Caption-style text data
____

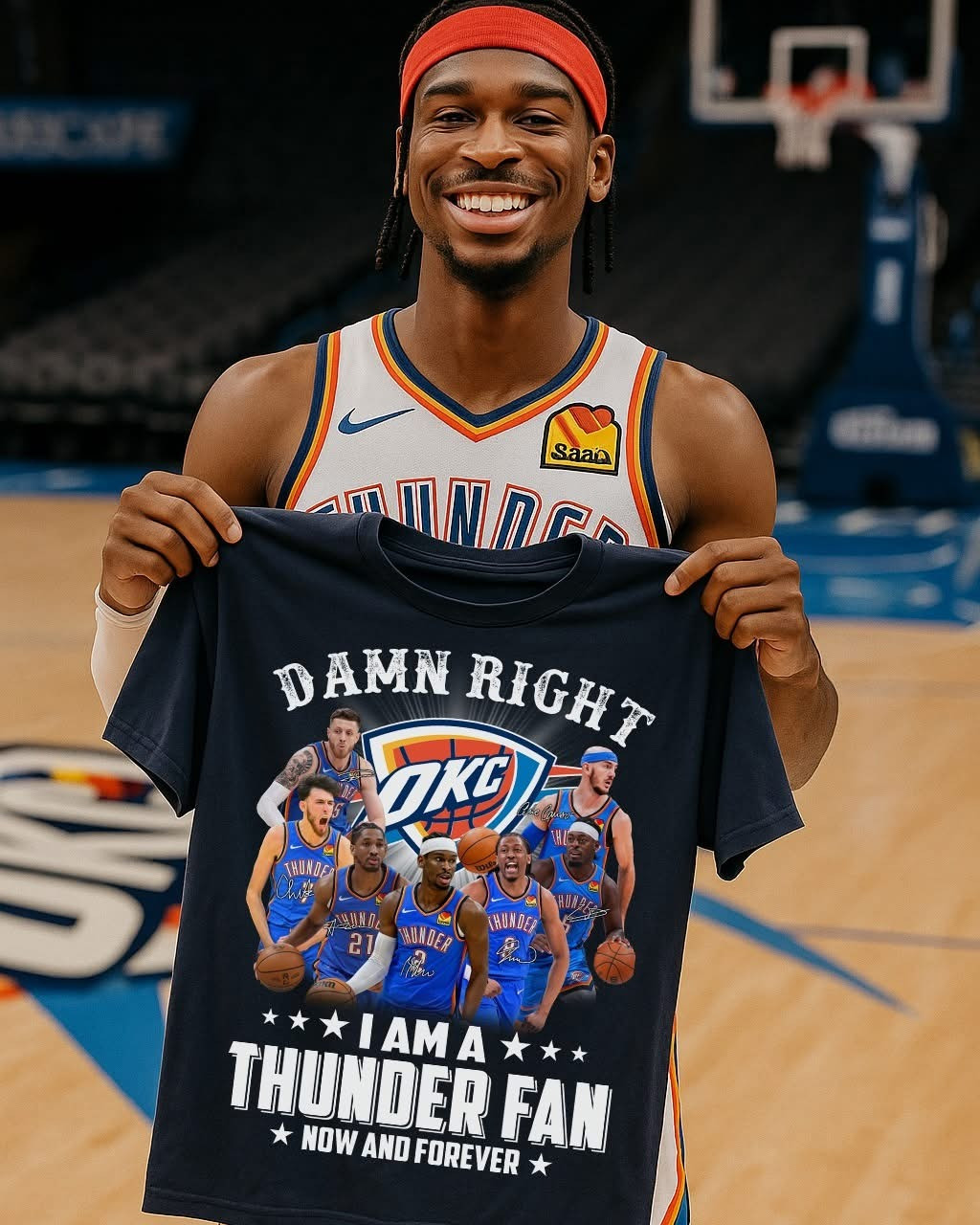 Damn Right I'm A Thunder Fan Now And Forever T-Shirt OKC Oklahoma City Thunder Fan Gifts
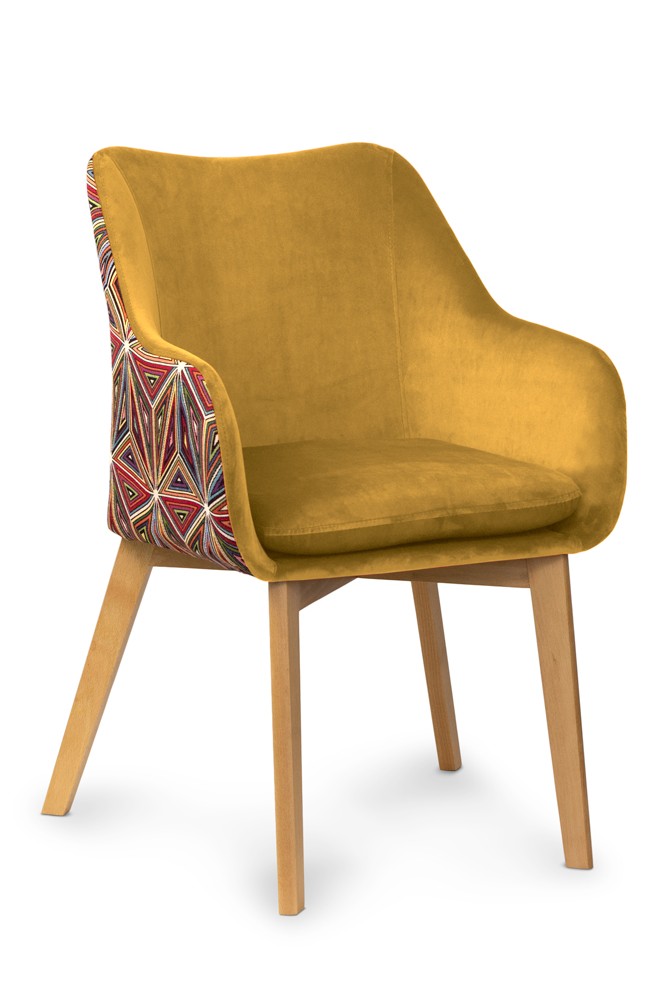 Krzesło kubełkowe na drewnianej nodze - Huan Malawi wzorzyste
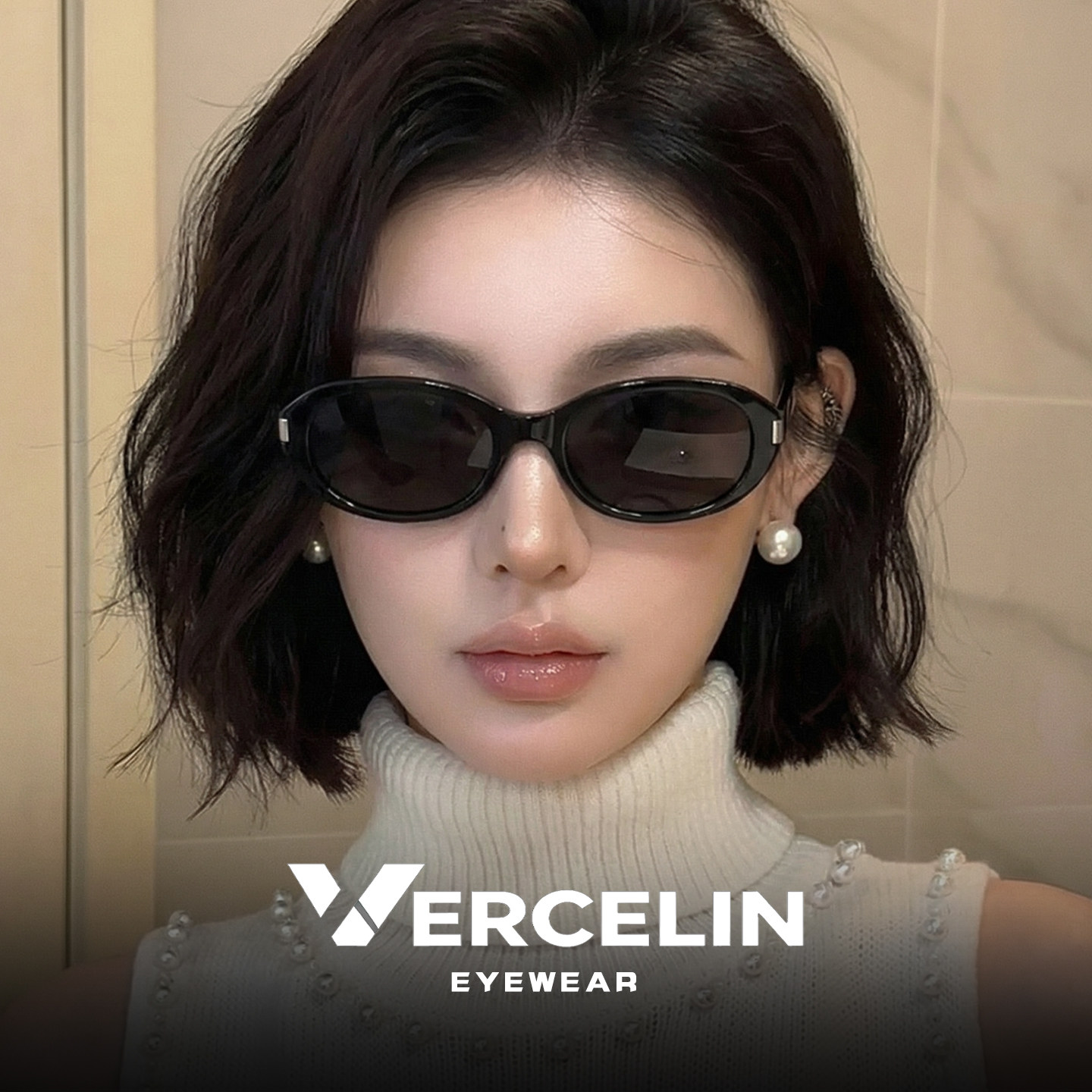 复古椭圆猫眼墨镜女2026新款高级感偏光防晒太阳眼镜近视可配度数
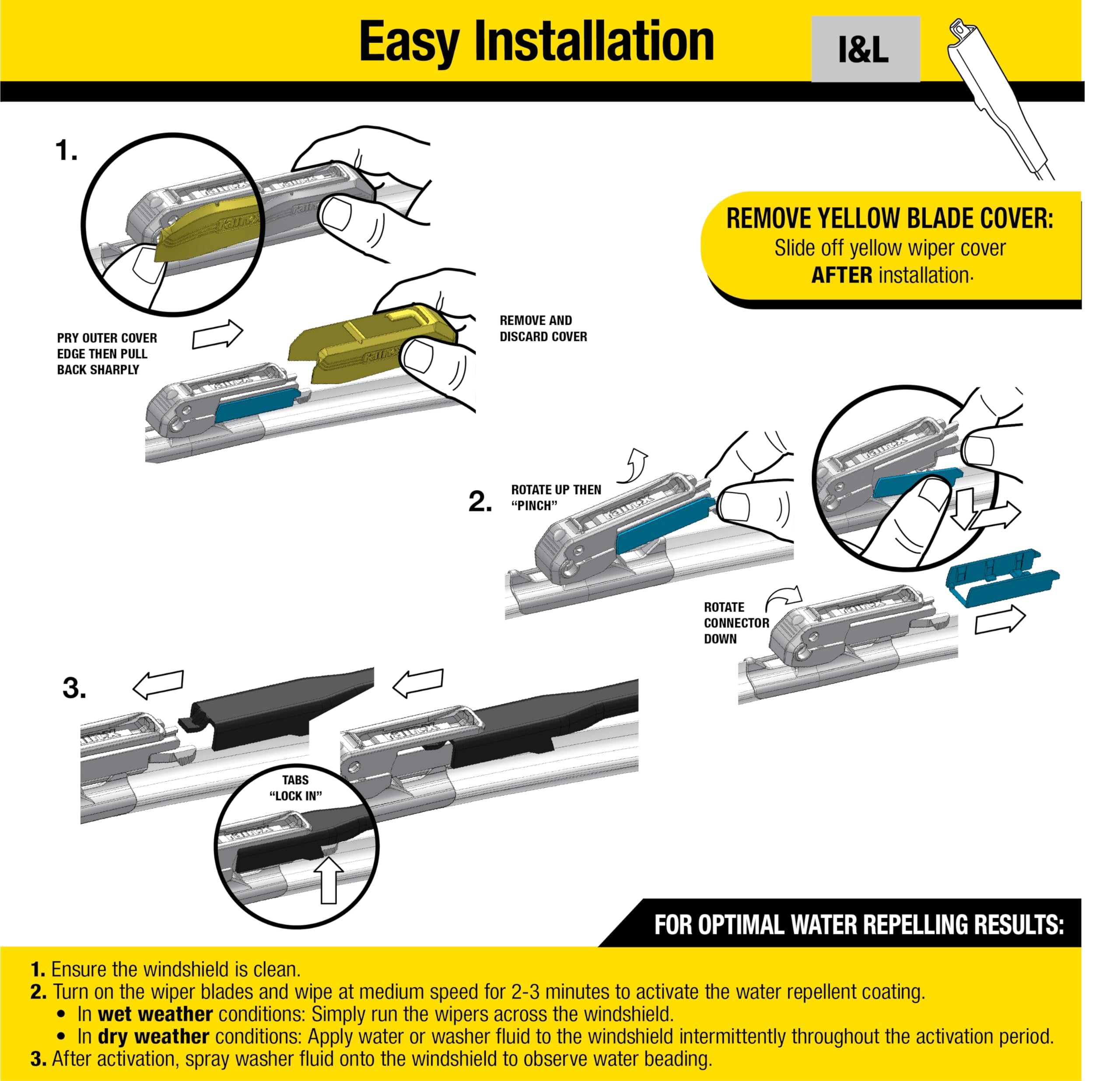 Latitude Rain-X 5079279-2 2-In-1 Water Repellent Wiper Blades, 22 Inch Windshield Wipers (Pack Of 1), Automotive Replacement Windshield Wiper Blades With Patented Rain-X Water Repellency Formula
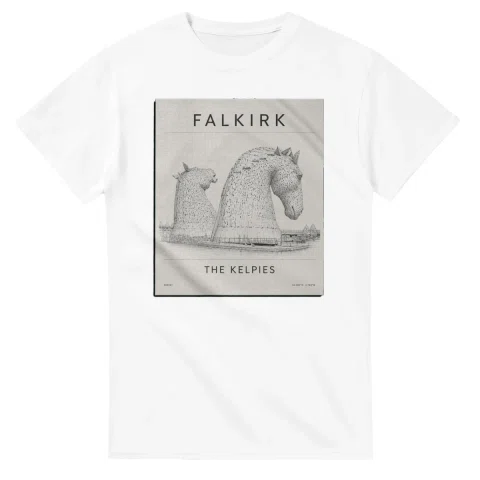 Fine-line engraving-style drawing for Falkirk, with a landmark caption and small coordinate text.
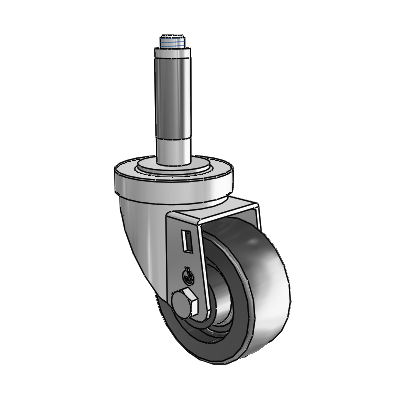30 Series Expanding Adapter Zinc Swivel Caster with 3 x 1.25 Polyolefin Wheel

____

• **WHAT THE EXERCISE ASKS**
Please write out all the data again word for word, but not the pictures.

• **SOLUTION BELOW**
 Damn Right I'm A Thunder Fan Now And Forever T-Shirt OKC Oklahoma City Thunder Fan Gifts
 Krzesło kubełkowe na drewnianej nodze - Huan Malawi wzorzyste
 复古椭圆猫眼墨镜女2026新款高级感偏光防晒太阳眼镜近视可配度数
 Latitude Rain-X 5079279-2 2-In-1 Water Repellent Wiper Blades, 22 Inch Windshield Wipers (Pack Of 1), Automotive Replacement Windshield Wiper Blades With Patented Rain-X Water Repellency Formula
 Fine-line engraving-style drawing for Falkirk, with a landmark caption and small coordinate text.
30 Series Expanding Adapter Zinc Swivel Caster with 3 x 1.25 Polyolefin Wheel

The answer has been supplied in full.